This is an early POC to probe the possibility to use tree-sitter to automate vendor migrations. As an example codebase we use exhaustive scenarios of the OpenAI TypeScript SDK and aim to automate the migration of all GPT-3.5 calls to Mistral's SDK.
The goal is that for >80% of cases we can automatically integrate Mistral correctly and for the remaining 20% we can provide a clear and correct todo list for the developer to complete the migration.
The project is in a very, very early stage to find obvious roadblocks early on.

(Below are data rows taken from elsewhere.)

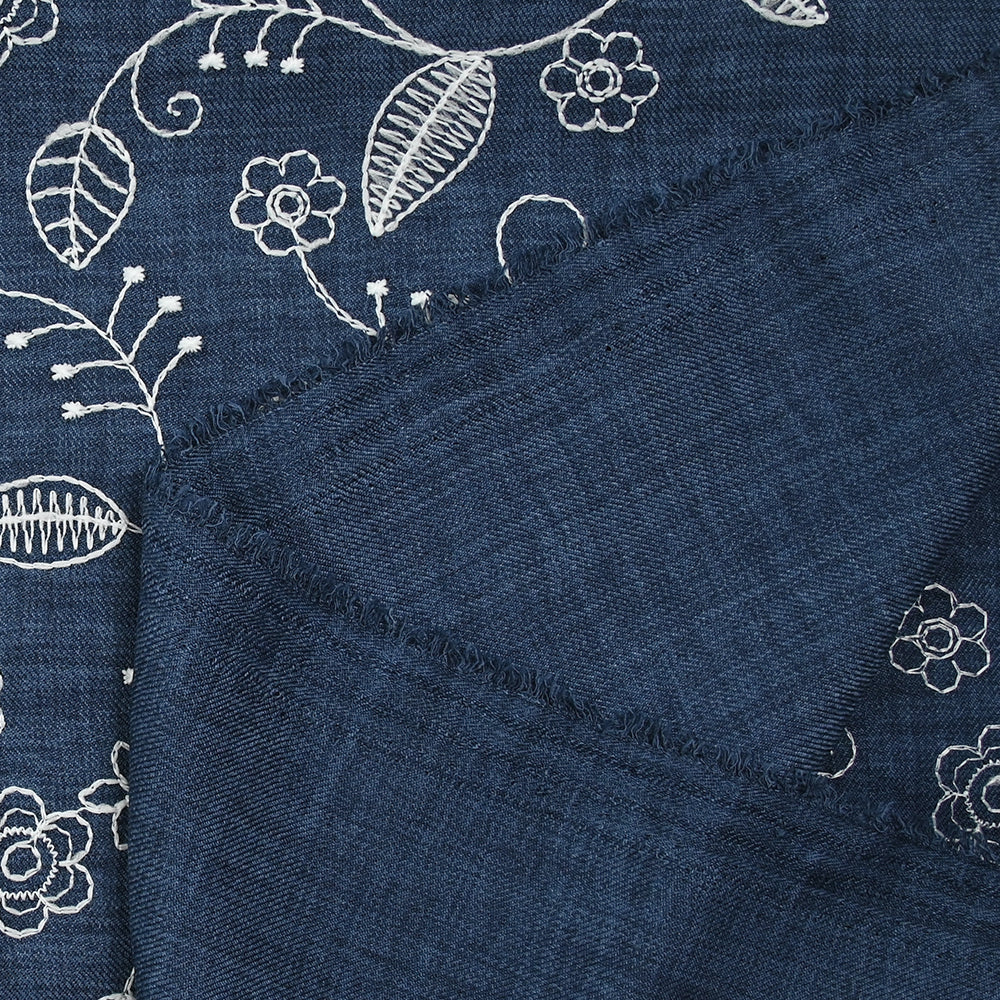 Twill de polyester brodé Solène fond marine - Image 6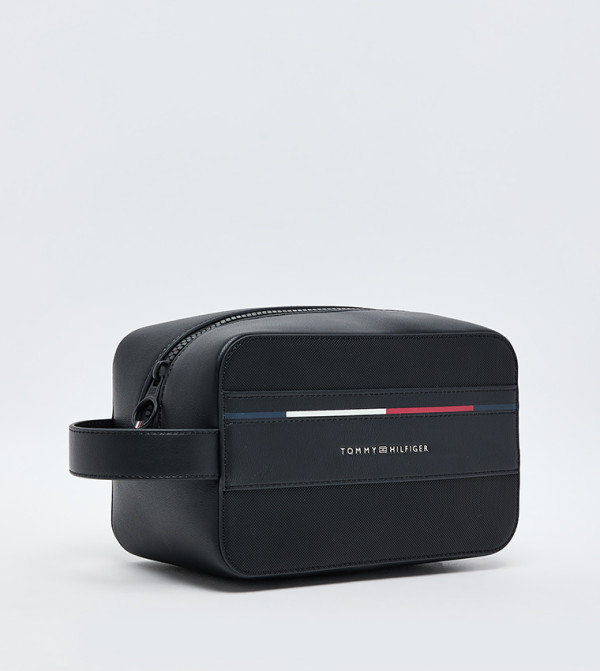 تومي هيلفيغر تومي هيلفيغر - أسود حقائب مستلزمات شخصية
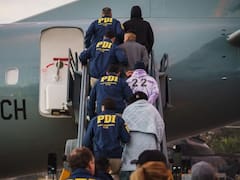 Inmigrantes expulsados | El primer avión con colombianos, ecuatorianos y bolivianos llega esta noche a Bogotá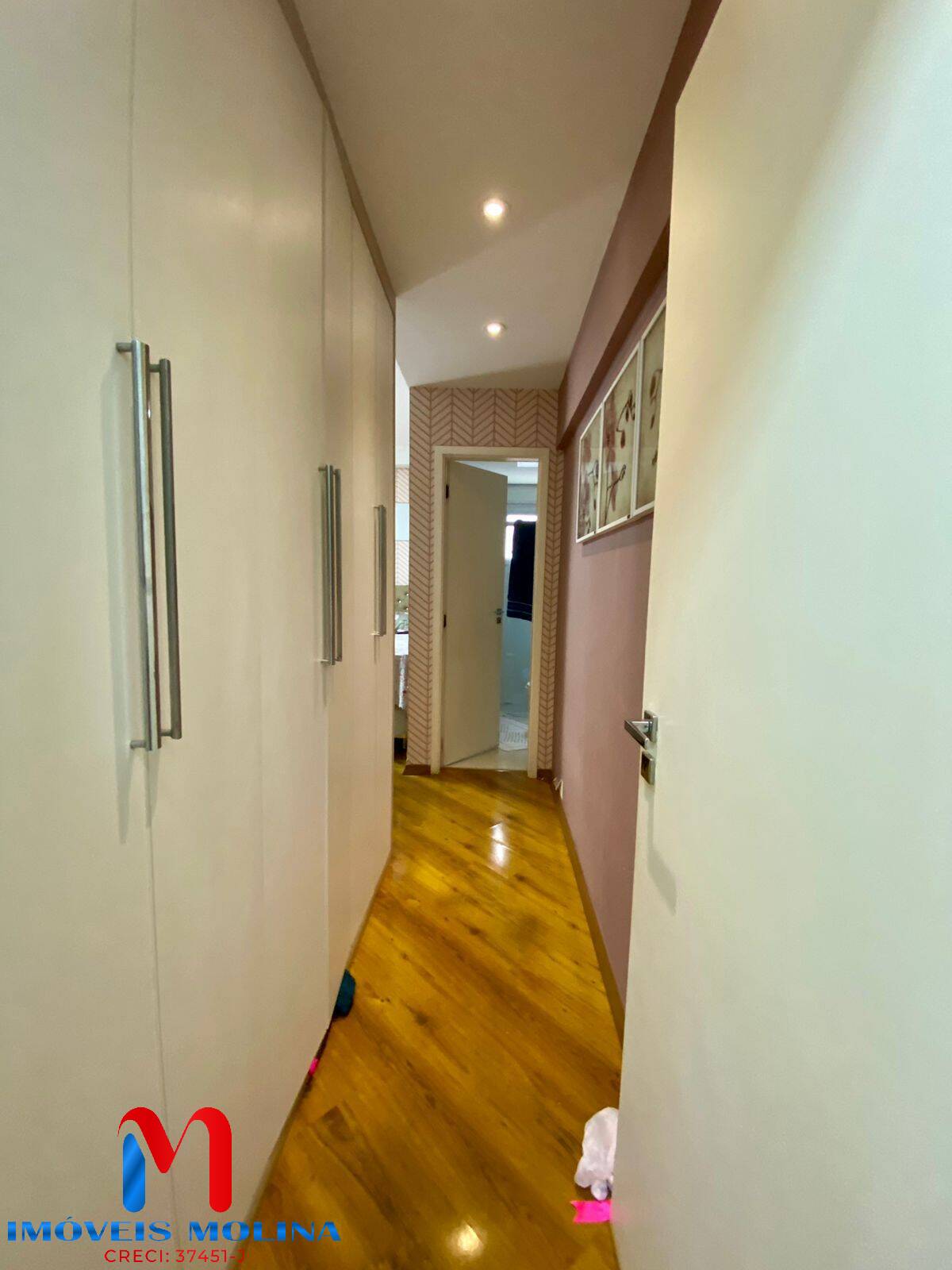 Apartamento à venda com 3 quartos, 107m² - Foto 18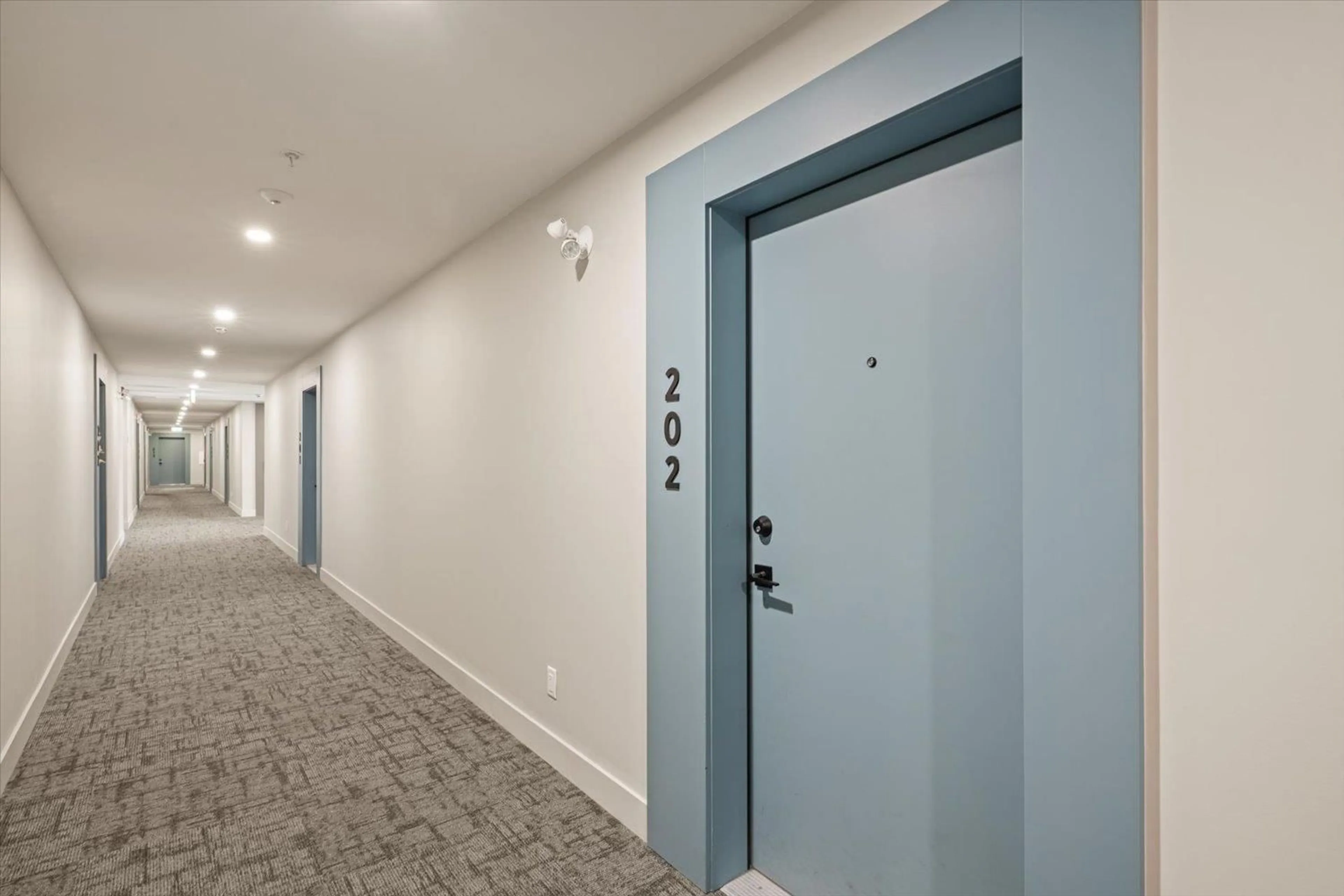 Indoor foyer for 202 - 45511 CAMPUS DRIVE, Chilliwack British Columbia V2R6K8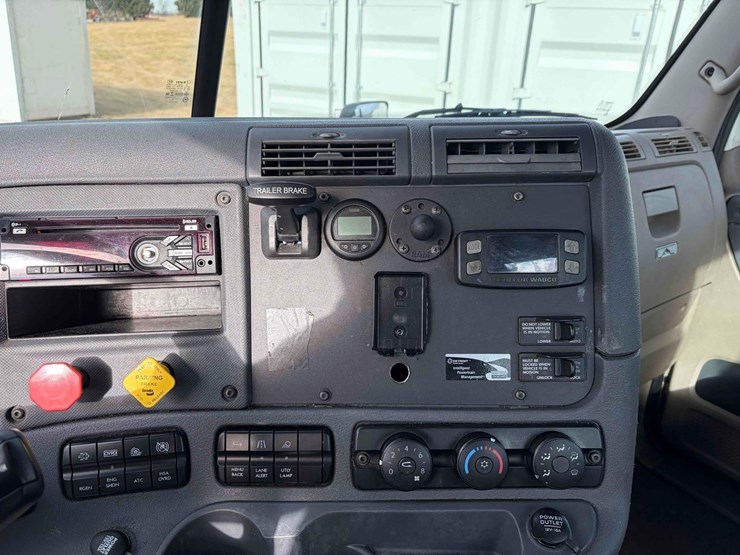 2019-freightliner-cascadia-single-axle-road-tractor-image-14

See the Development section for more details on this.
The repo exposes a CLI to run the parser on a given directoy. To use it on the example codebase, run:
cargo build && target/debug/cmod -p ./examples/openai-starter/src
For a more systematic probing of the functionality, you can run the tests:
cargo test
Note: The example codebase(s) to vendor-integrate are in the
example
directory.
The to-do list to achieve the above stated objective (migrate GPT3.5 to Mistral) is as follows:
- find all target files, i.e. importing 'openai' (see: get_target_files)
- search for all
createCompletion
calls (probably doable) - rewrite to use mistral's version of that (more research needed)
- Investigate how to use tree-sitter to rewrite the AST; check ast-grep
- insert the import statement for mistral sdk file (trivial)
- create mistral sdk file (trivial)
- add mistral as a dependency and prompt to run
npm i
. (trivial)
Finding the target files is rather trivial (excluding extrem edge cases like dynamic imports) and are essentially compiler correct. Core implementation in the parser.rs file via the get_target_files
function.
Once you have the target files, targeting the correct function calls for change like createCompletion
has one additional complexity: you need to resolve by entity from the imported openai
module. This should be achievable via tree-sitters tagging system. This is not implemented yet though. Alternative approaches would be LSP/LSIF or sourcegraph's improvement over LSIF aka. SCIP, which, unlike tree-sitter, were designed for codebase-level (instead of file-level) traversal. However, tree-sitter is significantly faster, efficient, and easier extensible than SCIP/LSIF.
This step is the most uncertain. Not so much if it is doable (liberaries like ast-grep implemented this in a general manner with a <1k LOC) but more so if you try to bend tree-setter too much into doing something that it is not designed for. A lot of inspiration can be taken from other codemod/rewrite tools. For our use-case a declarative API might be sufficient and preferred.
This is trivial stuff and essentially basic codegen (rather than codemod) stuff. For a fully working POC this would be necessary to implement though.